Liberal Democrats call for supermarket ‘profiteering probe’
The latest BRC-NielsenIQ data comes as the Liberal Democrats have called for the UK competition watchdog to launch an inquiry into whether supermarkets have been “profiteering” during the cost of living crisis.
According to the party’s analysis of the ONS CPI for March 2023, a typical weekly food shop for a family has gone up by £12 over the past year - a figure which means households face an annual bill of more than £600. At the same time, the Lib Dems said supermarket chains have made billions of pounds in profit. For example, Tesco and Sainsbury’s - the UK’s top-two chains - had a combined profit of £1.5 billion in 2022, which amounts to a 50% year-on-year rise.
Now, party leader Sir Ed Davey wants the Competition and Markets Authority (CMA) to look into whether the country’s biggest retailers have put up shelf prices on goods by more than is necessary. Speaking as part of the ongoing local election campaign, Davey said the Lib Dems would reduce food prices and introduce tougher regulations if it was in government.
He said: “Under the Conservatives, the cost of the weekly shop is going through the roof while supermarkets are raking in eye-watering profits. Millions of families risk being overwhelmed by soaring food prices, coming on top of rising bills and housing costs. The Conservatives have no plan to deal with this cost-of-living crisis – instead they’re making it so much worse with all their chaos.
“British farmers will not see any extra income from these soaring food prices. These food prices benefit absolutely no one but the supermarket giants. We need to bring soaring food prices back under control and offer relief to families. That means cracking down on profiteering by food multinationals and the big supermarkets so customers get a fair deal.”

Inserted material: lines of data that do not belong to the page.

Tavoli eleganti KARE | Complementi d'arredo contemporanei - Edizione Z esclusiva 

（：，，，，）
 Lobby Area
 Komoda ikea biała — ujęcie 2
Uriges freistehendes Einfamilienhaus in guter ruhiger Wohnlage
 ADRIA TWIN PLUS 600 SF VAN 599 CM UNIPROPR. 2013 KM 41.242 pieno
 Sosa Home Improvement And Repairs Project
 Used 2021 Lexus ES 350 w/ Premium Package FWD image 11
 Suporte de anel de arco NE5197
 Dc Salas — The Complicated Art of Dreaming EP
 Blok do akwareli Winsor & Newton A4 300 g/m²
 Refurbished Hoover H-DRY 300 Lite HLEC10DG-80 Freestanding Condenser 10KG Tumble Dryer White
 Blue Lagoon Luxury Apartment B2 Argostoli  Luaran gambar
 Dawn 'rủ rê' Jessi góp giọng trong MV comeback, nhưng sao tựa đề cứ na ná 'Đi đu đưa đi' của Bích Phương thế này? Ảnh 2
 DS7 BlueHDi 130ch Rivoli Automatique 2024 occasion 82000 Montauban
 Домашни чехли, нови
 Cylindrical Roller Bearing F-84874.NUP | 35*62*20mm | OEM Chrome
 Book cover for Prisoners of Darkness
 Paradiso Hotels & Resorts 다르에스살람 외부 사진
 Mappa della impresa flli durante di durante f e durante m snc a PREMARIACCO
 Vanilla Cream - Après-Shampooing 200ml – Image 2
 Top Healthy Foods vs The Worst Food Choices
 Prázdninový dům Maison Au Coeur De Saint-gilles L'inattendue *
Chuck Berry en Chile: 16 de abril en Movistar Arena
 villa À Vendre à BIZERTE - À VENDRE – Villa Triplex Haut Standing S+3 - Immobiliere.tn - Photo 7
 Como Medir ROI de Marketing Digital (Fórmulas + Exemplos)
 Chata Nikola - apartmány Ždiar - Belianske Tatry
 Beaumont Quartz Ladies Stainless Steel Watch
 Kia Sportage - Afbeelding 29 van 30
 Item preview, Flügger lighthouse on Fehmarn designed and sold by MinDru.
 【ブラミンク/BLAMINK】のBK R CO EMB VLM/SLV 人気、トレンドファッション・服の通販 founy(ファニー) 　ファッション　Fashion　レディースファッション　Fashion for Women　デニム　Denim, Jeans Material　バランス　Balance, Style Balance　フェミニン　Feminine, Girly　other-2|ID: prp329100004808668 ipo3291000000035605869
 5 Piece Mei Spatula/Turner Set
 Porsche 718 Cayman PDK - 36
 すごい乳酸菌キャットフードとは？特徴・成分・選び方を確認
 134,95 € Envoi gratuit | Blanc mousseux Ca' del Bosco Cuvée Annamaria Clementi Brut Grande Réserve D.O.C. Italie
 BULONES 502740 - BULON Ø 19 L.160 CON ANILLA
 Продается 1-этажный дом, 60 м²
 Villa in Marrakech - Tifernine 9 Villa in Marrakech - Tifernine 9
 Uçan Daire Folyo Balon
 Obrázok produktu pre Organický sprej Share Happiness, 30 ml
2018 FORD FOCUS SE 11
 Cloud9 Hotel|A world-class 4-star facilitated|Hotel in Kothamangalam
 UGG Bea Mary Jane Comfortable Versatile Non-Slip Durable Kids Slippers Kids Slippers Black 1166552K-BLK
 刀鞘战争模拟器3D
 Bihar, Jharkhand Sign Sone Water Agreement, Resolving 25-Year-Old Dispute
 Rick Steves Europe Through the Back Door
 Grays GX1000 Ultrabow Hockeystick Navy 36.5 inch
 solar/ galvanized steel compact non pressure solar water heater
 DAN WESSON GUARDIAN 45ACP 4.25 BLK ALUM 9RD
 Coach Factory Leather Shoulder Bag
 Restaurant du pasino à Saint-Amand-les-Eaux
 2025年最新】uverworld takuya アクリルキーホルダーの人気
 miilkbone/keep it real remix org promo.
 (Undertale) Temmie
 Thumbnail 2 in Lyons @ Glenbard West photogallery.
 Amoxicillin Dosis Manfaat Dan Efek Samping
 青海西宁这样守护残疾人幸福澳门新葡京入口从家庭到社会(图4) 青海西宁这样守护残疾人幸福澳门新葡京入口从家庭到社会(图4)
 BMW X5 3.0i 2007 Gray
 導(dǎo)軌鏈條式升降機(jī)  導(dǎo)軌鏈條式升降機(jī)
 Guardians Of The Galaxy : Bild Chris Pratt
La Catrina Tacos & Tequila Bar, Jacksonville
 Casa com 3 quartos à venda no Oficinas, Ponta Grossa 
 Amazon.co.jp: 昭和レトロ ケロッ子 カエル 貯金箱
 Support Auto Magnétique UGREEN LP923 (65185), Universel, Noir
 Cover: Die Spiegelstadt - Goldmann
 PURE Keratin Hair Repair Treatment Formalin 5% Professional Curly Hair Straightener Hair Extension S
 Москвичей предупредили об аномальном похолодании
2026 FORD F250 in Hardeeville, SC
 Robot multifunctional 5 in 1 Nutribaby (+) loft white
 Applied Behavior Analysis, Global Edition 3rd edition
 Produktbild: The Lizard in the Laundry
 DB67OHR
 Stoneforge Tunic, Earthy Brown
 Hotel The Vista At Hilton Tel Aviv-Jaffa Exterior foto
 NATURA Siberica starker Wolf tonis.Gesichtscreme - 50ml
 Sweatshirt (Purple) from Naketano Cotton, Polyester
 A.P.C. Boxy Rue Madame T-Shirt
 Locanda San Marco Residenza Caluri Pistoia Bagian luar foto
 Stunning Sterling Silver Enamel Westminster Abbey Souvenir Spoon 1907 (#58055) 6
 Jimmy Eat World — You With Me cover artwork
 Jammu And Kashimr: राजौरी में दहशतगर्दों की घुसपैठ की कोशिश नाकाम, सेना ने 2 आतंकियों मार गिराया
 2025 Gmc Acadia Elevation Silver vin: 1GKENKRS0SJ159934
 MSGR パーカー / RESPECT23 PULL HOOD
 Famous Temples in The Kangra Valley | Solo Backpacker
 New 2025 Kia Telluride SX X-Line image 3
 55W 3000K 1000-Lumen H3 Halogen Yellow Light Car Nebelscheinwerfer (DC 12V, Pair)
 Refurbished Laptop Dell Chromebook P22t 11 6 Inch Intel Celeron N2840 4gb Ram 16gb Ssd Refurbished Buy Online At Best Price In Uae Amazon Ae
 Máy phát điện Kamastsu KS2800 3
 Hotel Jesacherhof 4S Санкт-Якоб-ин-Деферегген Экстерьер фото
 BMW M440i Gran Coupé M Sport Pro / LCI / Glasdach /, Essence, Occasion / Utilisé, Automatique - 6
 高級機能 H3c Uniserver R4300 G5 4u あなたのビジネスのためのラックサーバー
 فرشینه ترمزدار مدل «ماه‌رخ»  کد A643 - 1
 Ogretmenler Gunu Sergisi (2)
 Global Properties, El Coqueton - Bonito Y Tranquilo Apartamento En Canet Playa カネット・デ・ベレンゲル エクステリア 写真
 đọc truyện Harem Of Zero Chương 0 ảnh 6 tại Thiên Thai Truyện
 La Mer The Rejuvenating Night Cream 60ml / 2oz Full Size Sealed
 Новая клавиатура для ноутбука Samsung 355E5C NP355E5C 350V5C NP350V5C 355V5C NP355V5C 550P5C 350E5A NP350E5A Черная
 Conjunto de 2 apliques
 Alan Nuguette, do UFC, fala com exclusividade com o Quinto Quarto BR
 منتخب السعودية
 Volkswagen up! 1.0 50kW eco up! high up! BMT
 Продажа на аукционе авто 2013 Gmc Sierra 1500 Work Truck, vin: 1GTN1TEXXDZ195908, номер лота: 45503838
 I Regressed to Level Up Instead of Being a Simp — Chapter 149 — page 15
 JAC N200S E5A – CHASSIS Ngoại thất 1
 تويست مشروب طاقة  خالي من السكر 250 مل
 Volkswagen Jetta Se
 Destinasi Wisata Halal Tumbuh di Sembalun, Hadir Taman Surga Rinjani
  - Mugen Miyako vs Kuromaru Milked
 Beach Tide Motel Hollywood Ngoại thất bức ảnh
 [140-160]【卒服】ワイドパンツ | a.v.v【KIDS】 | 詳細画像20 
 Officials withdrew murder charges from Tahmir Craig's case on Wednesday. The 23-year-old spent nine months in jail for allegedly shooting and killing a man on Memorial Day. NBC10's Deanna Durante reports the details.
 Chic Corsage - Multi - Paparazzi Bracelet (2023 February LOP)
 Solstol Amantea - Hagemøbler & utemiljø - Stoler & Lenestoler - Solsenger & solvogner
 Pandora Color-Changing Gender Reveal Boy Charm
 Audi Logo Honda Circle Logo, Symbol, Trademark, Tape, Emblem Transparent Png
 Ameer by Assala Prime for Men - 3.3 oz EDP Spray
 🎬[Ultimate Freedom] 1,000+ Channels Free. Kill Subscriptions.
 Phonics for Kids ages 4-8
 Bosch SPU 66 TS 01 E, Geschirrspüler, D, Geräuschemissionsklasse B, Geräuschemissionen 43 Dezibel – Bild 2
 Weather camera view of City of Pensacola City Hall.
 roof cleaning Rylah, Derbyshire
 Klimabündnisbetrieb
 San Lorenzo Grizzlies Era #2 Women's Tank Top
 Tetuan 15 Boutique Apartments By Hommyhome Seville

The BRC hit back at Davey’s comments, insisting that its members - including several leading UK supermarket chains - are “working hard to limit price rises for customers”. The trade body’s director of food and sustainability, Andrew Opie, said: “To help those impacted by the high cost of living, supermarkets have expanded their affordable food ranges, fixed the price of many essentials and offer support to vulnerable groups. When the cost pressures facing retailers do eventually ease, retail prices will follow fast as they fiercely compete for market share.”
Meanwhile, the Labour Party has said it would make several changes to help the country recover from “13 years of Tory economic failure”. Its shadow DEFRA Secretary Jim McMahon said: “By making our energy supply more secure, Labour would ease the pressure on families and businesses. By cutting business rates, strengthening supply chains and prioritising British food production, we can tackle these problems and build a better Britain."
The Conservatives have pledged to halve inflation this year in a bid to ease the cost of living crisis. During the food shortages in February 2023, Farming Minister Mark Spencer summoned supermarket chiefs to explain how they planned to “get shelves stocked again” and “avoid a repeat” of the crisis.
It comes after NationalWorld analysis of supermarket value ranges found their prices had soared by well above the rate of CPI food inflation over the last 12 months.